So it's interesting to notice that while that 2 trillion was mostly smoke and mirrors, the NEARLY HALF of it that Congress spent in the last WEEK are real dollars. That's nearly half of a whole *decade's* worth of surplus spent in one week. And spent on the most amazing variety of porkbarrel projects nobody wants except the special interests, and on targeted tax cuts targeted to special interests, and on a certain amount of "re-elect me" goodies for everybody.

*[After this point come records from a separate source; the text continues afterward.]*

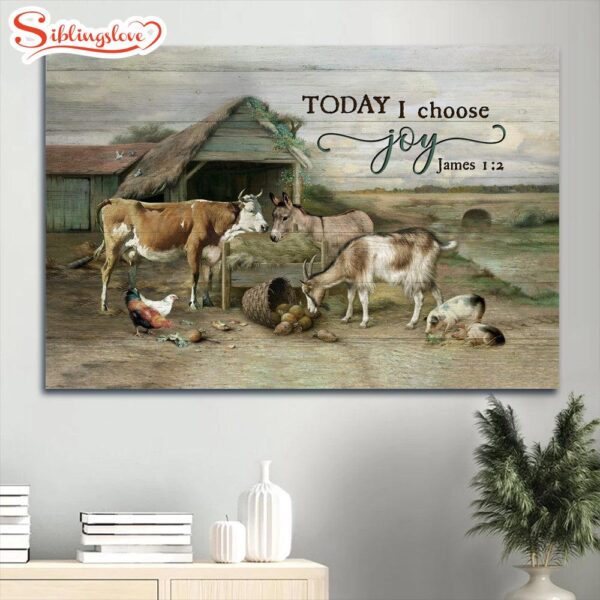 Animal Farm Old Barn Farm Painting Today I Choose Joy Canvas Wall Art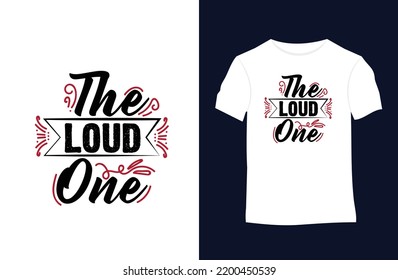 The loud one funny quotes vector t-shirt design. Suitable for tote bags, stickers, mugs, hats, and merchandise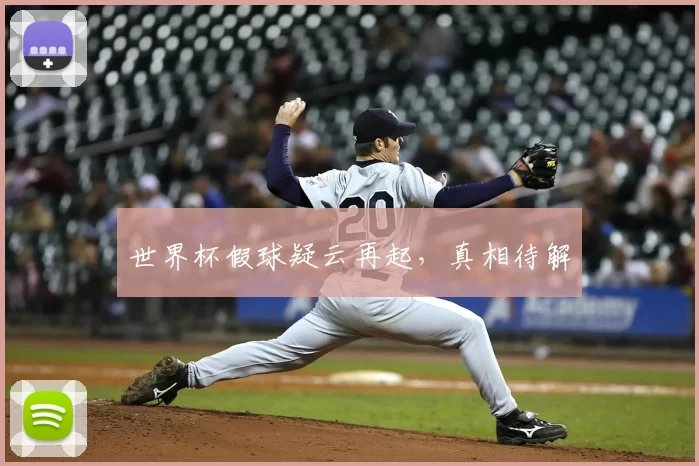 世界杯假球疑云再起,真相待解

And if these surpluses don't pan out? Anyone remember the late '80's, when Reagan's tax cuts had the economy booming, Federal tax revenues were pouring in at record rates, and Congress (amazed and delighted by the revenue stream) was spending it several times faster than it was coming in? Not faster than they *hoped* it would come in, based on their optimistic assumptions, of course.

One of the wonders of politics. Put a blindfold on them, spin them around three times, and they see future money coming and spend it NOW. Happens every time.

-- Flint (flintc@mindspring.com), November 02, 2000

Answers

I don't consider it a surplus. It is money owed back to the government to pay off debts accumulated during the terms of irresponsible spend-happy lunatics like Reagan, who fattened up the corporations to the point where they now have complete control over the people. The responsible thing to do is to get the government back into a sound financial position so that it is able to do the things it was designed to do without overtaxing the people.